Looked at like this, miracles are potentially occurring all the time, and can be occasioned by all manner of events, many of them tiny and seemingly insignificant: the setting sun, the sight of the stars at night, the birth of a baby, the moment of death, the first heralds of spring, a friendly smile, any moment that touches the heart and soul in a creative and challenging manner, evoking awe and wonder.

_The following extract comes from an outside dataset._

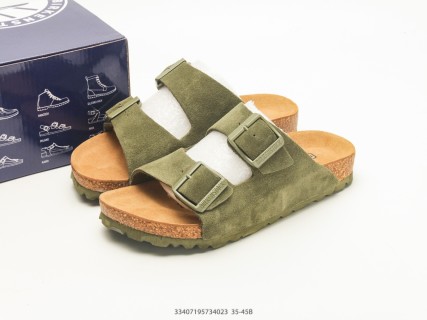 Birkenstock Arizona UA Suede Sandal Olive Green view 7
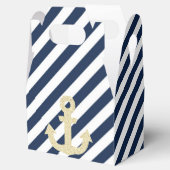 Ankerbox für Navy und Gold Glitzer Geschenkschachtel (Geöffnet)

But there’s the rub. They do happen all the time and so we easily take them for granted: we develop a sense of entitlement to such things rather than one of thankfulness; and we are usually too busy elsewhere to notice them. And if we don’t notice them and allow them to work their magic on us, they will have been to little avail for they need our active co-operation to maximise their effectiveness. Despite my winter awakening, I know that I still miss most of them, but I am more aware now, at least for a time, that I need to get better at paying them attention, because miracles are the food on which faith feeds.
Faith means trust. If I have faith in somebody it means that I trust them. To have faith in God is to trust God, to trust life. Faith in God is innate in all of us, it comes fitted as standard, when we are born. It comes as a gift. Some people seem to have been endowed with a lot of it, and nothing in life ever seems to shake it, others seem to have been born with less, and any serious setback seems to crush it. But it is innate in us and we never lose it entirely. The right stimulation will bring it back to life and strengthen it.
You can’t buy that stimulation: it’s not available on amazon. It comes, unexpectedly, out of the blue, as an unexpected gift. All we have to do is recognise it when it happens, receive it, and allow it to change us. When it does it feels like a miracle.